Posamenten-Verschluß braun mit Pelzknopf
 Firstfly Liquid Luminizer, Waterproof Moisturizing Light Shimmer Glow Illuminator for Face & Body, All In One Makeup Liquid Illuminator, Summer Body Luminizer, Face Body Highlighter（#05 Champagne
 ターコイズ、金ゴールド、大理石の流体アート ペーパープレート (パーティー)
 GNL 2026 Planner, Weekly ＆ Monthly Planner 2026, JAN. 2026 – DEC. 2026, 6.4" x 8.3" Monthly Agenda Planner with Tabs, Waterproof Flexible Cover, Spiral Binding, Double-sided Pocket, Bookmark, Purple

◆ What is being asked ◆
Word for word, retype all of the material.

◆ Answer to the exercise ◆
Posamenten-Verschluß braun mit Pelzknopf
 Firstfly Liquid Luminizer, Waterproof Moisturizing Light Shimmer Glow Illuminator for Face & Body, All In One Makeup Liquid Illuminator, Summer Body Luminizer, Face Body Highlighter（#05 Champagne
 ターコイズ、金ゴールド、大理石の流体アート ペーパープレート (パーティー)
 GNL 2026 Planner, Weekly ＆ Monthly Planner 2026, JAN. 2026 – DEC. 2026, 6.4" x 8.3" Monthly Agenda Planner with Tabs, Waterproof Flexible Cover, Spiral Binding, Double-sided Pocket, Bookmark, Purple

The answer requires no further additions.